Hi Vanderhoven
Your message is a little confusing for me. If the ungodly perish, vanish, as scriptures say, then there is no eternal torment that a person is aware of, after judgment in the lake of fire - judgment, the words, lies that they lived by, but also the words of God condemnation coming against them. That, is their suffering and torment.
Their torment ascends like smoke. What happens after something is burned up? The smoke is a memory of what the wicked did and the judgment that came upon them. It is the legacy that they leave behind. I watched this literally happen where I live. When the forests around us burned in a raging fire, the smoke persisted long after the trees were nothing but ash. “Fire” symbolizes words that which come from one’s mouth – either God’s word of truth (Jer 23:29; Rev 11:1-5) or that of Satan’s words of lies. (Rev 13:11,13; 12:3; Rev 13:15,4) Both, are words of condemnation. There is no literal fire that people will be subjected to when thrown into the lake of fire. Is that what you are meaning? I didn’t think so by your previous comments, but maybe I misunderstood. God was against the sacrificing of children in a literal fire. If that never came to His mind, why would He condone the eternal physical burning of the wicked? (Jer 19:5)
Psalm 37:20 – “But the wicked will perish: Though the LORD’s enemies are like the flowers of the field, they will be consumed, they will go up in smoke.” There is not an “afterlife” of torment for the wicked to be eternally cognizant of. Isa 41:11
Hell, is Gehenna, not Hades or Sheol or the abyss, or even Tartarus. (James 3:6) The rich man, whether he was alive or dead, was already in Hades. When on earth, he was already “dead” spiritually, because he rejected Jesus Christ. (John 6:63; Eph 2:1; Rom 6:13) The Pharisees were well aware of Sheol, Hades and what it meant. It is spiritual captivity to darkness and separation from God. This is Satan’s realm of darkness. (Rev 9:11; Prov 15:11; Job 26:6) Without the light of Christ, we remain in a spiritual “Hades” while we are in the flesh.

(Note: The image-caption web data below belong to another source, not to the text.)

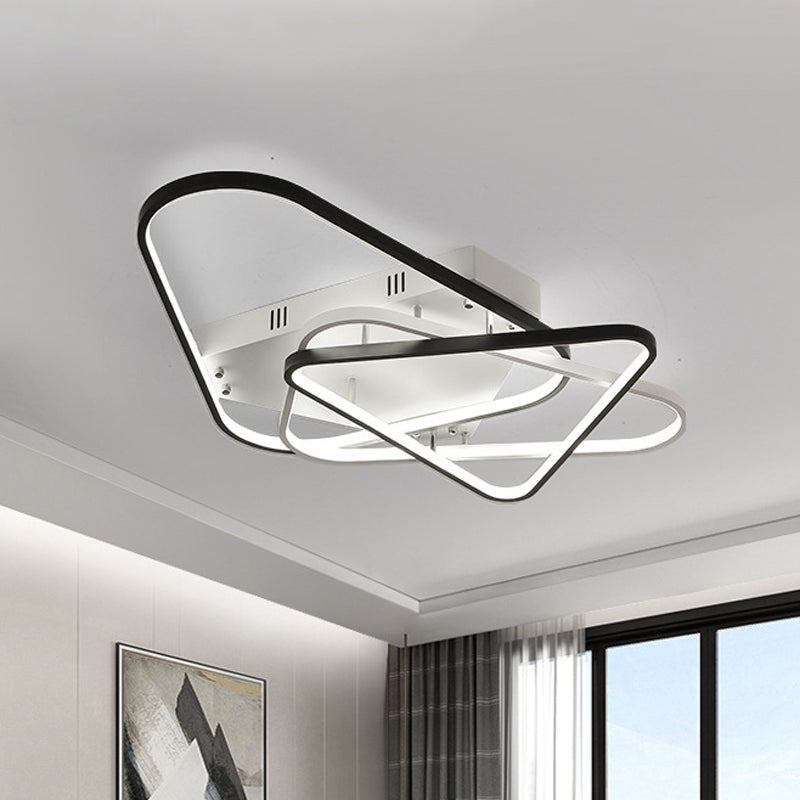Overlapping Acrylic Ceiling Light Fixture Modern 33"/42" W LED Black and White Semi Flush Mount Lighting
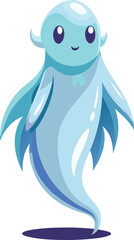 ghost floating with ethereal transparency.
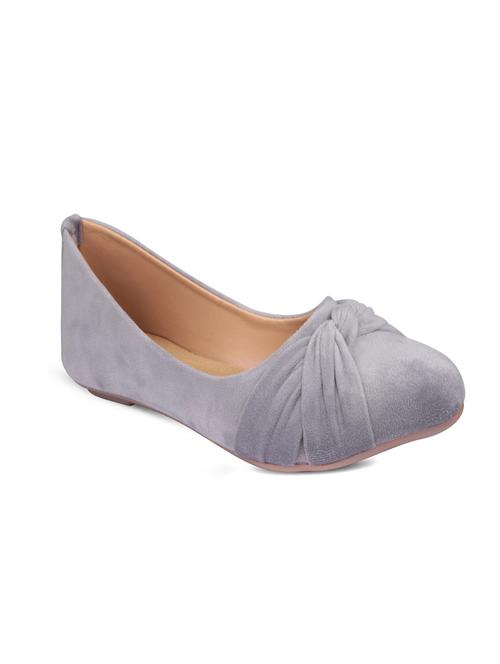 grey satin slip on ballerina - 17760528 - Standard Image - 0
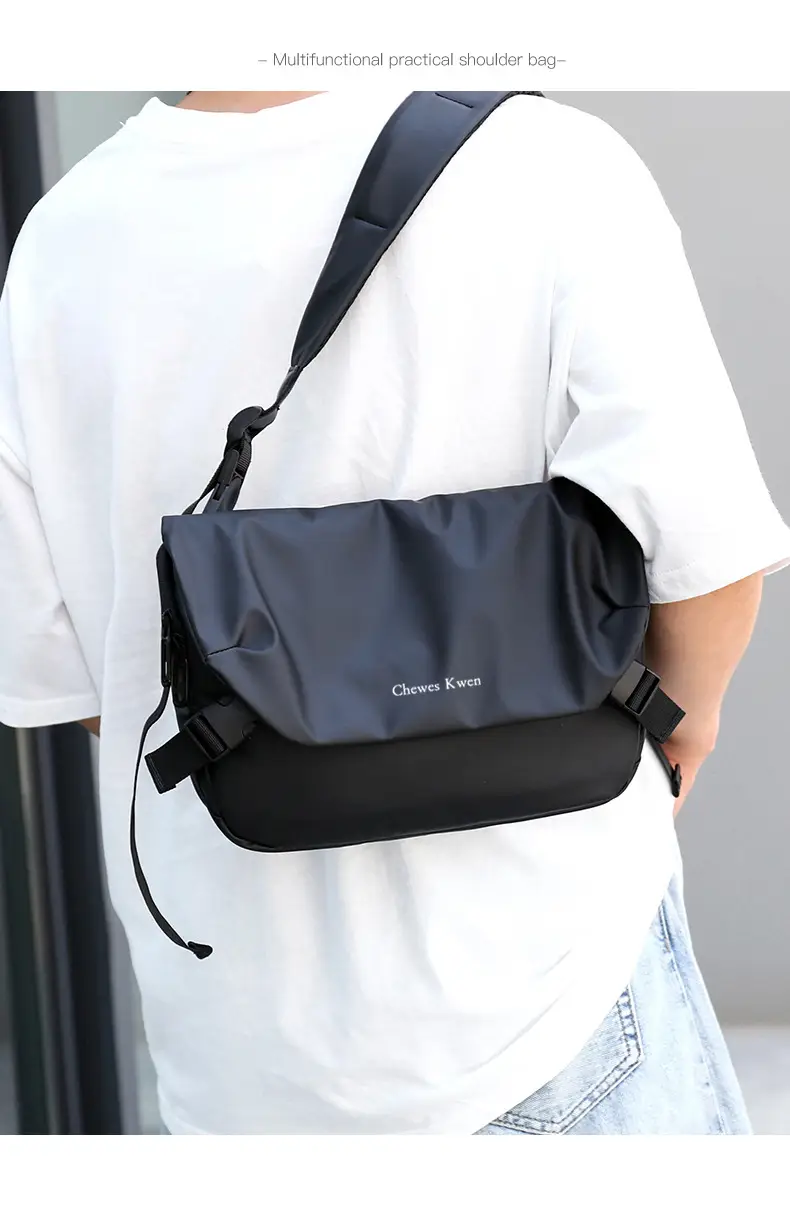 Men's Casual Messenger Bag Black Shoulder Bag — feature 13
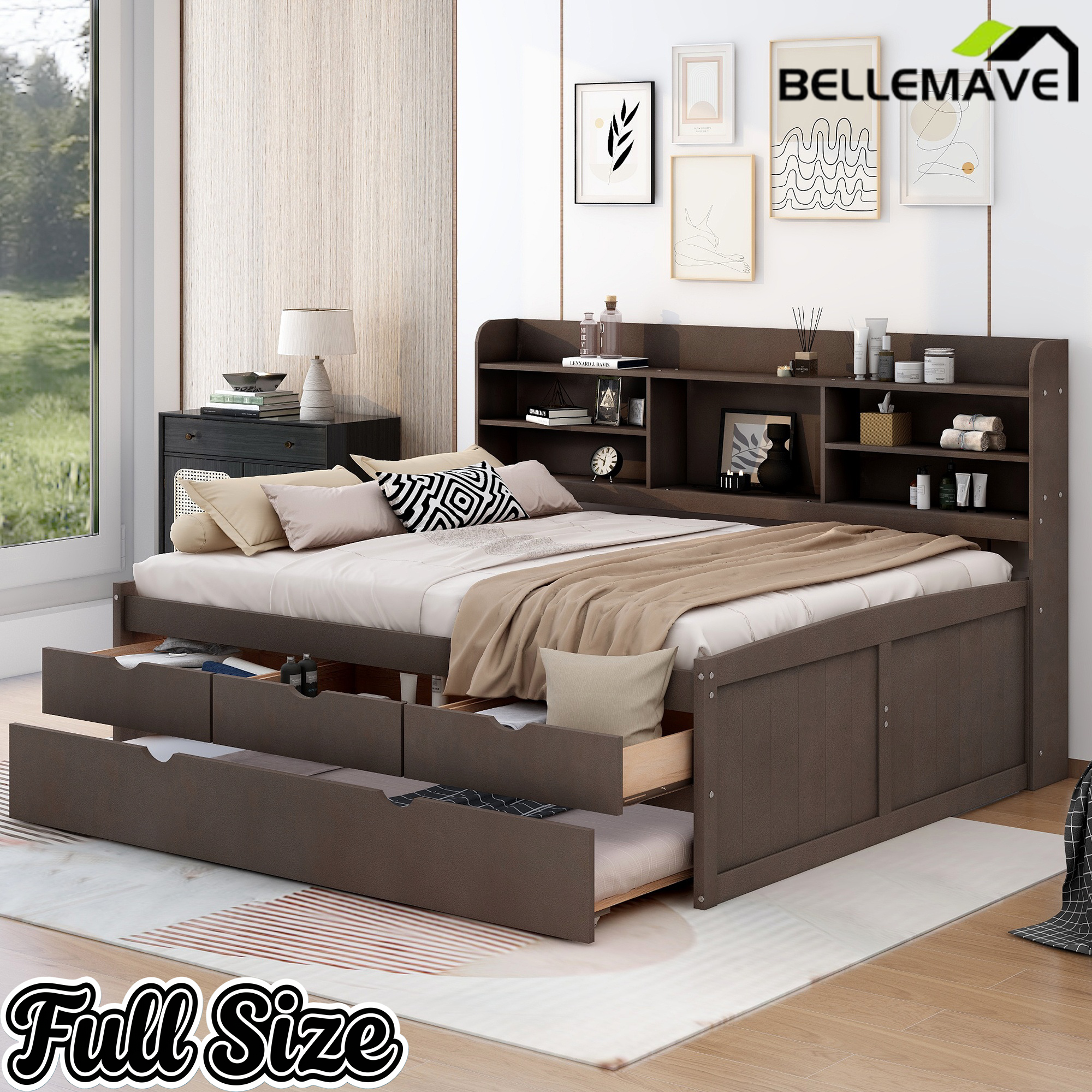 Bellemave Full Size Captain Bed, Full Beds with Trundle & Storage Drawers, Wood Daybed Frame with Bookcase Headboard & Slats Support for Kids Teens, Antique Brown Bellemave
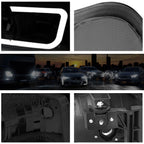 LED DRL Headlight Set for Yukon XL/Sierra Denali (2000–2006) w/ Bumper Lamps Smoked/Clear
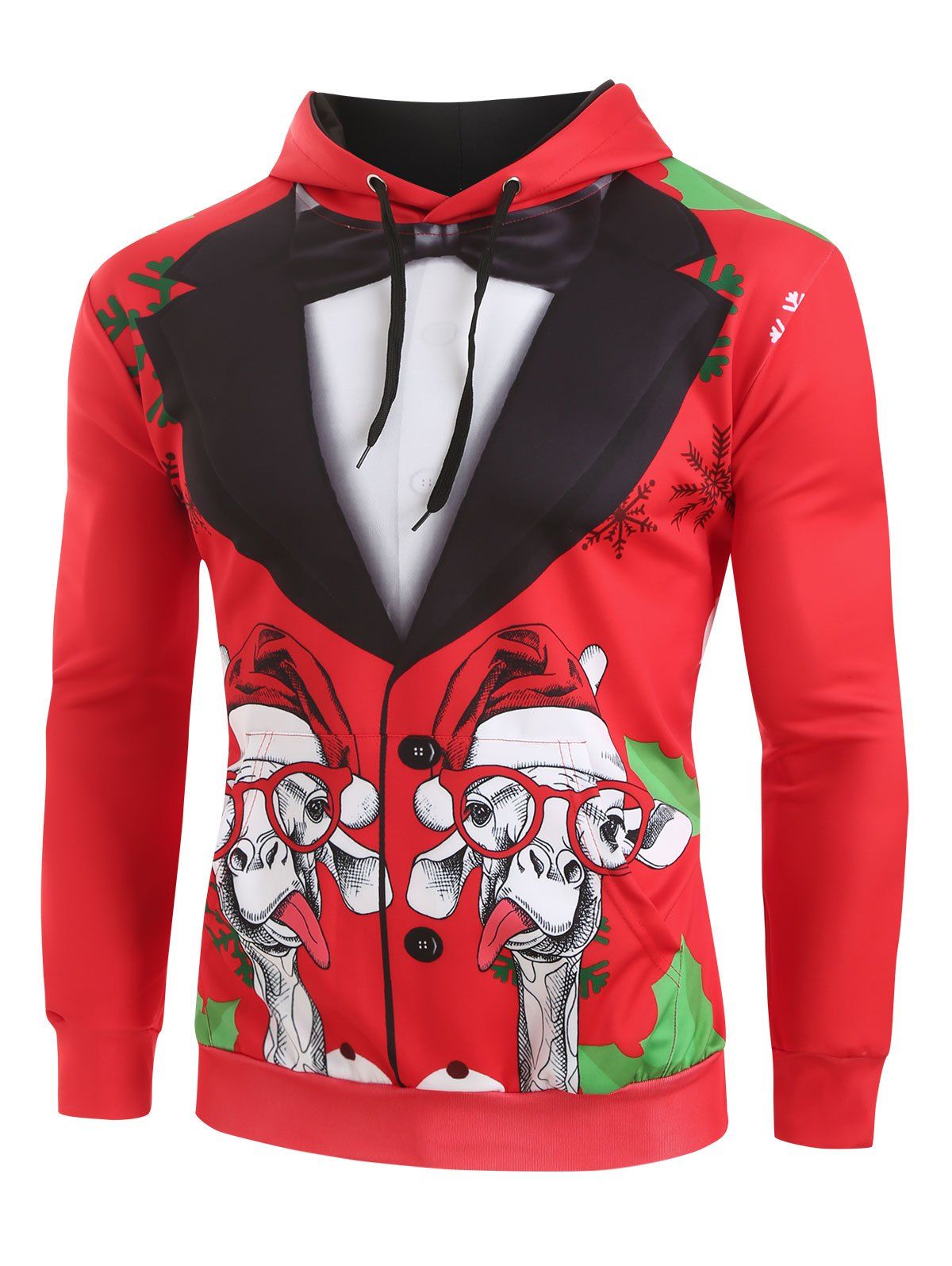 Christmas Animal Graphic Faux Tuxedo Drawstring Hoodie - RED M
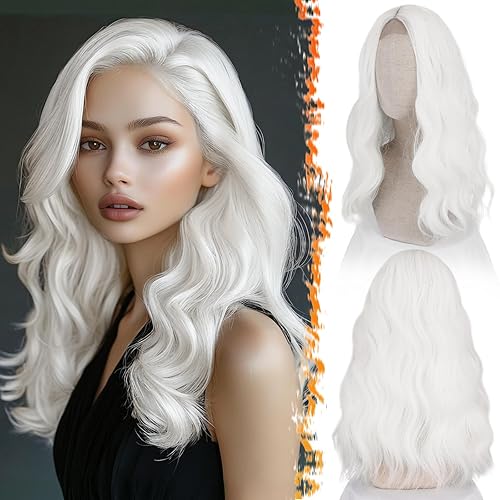 BARSDAR Medium Length White Wigs - 18 Inch Wavy White Wig for Women, Middle Part Natural Soft Wave Synthetic Shoulder Length Wavy Wigs Cosplay Party Halloween Wig - 18 Inch - White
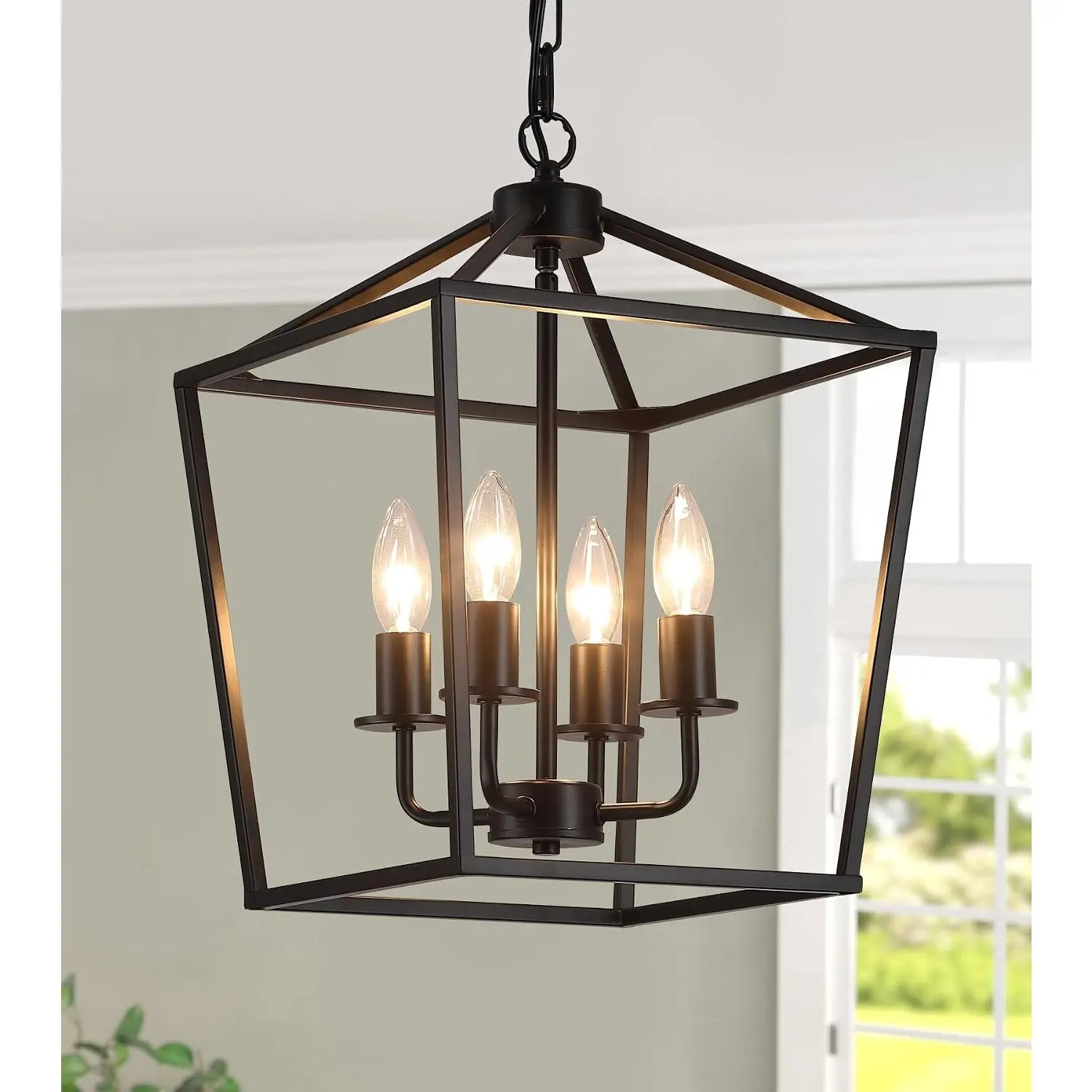 UL Listed Black Industrial 4 Light Lantern Chandelier Ceiling Light Fixtures Farmhouse Metal Cage Rustic Geometric Pendant Light for Kitchen Island Entryway Dining Room Stairs and Hallway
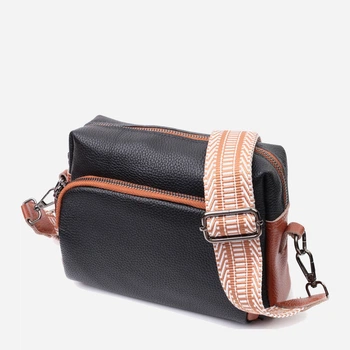 Сумка кросс боді через плече жіноча з натуральної шкіри Vintage leather-22588 Чорна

Where did Jesus go when he died, and who did he talk to? 1 Pet 3:18-19; 2 Pet 2:4
It’s not a literal place, it is a spiritual state of “not perceiving”. In the case of the rich man in Hades, his hardened heart refused to perceive, to accept within him why Jesus came, and the light of life he offered to those who turned to him. (Isa 14:14-15) And the chasm between darkness and light is great. There is no crossing over to the light unless one seeks to find it, and the heart is determined to serve God with all their heart, soul and mind. (2 Sam 22:6-20) In the case of the rich man, that was not his intention, even though he faced God's judgment in the lake of fire.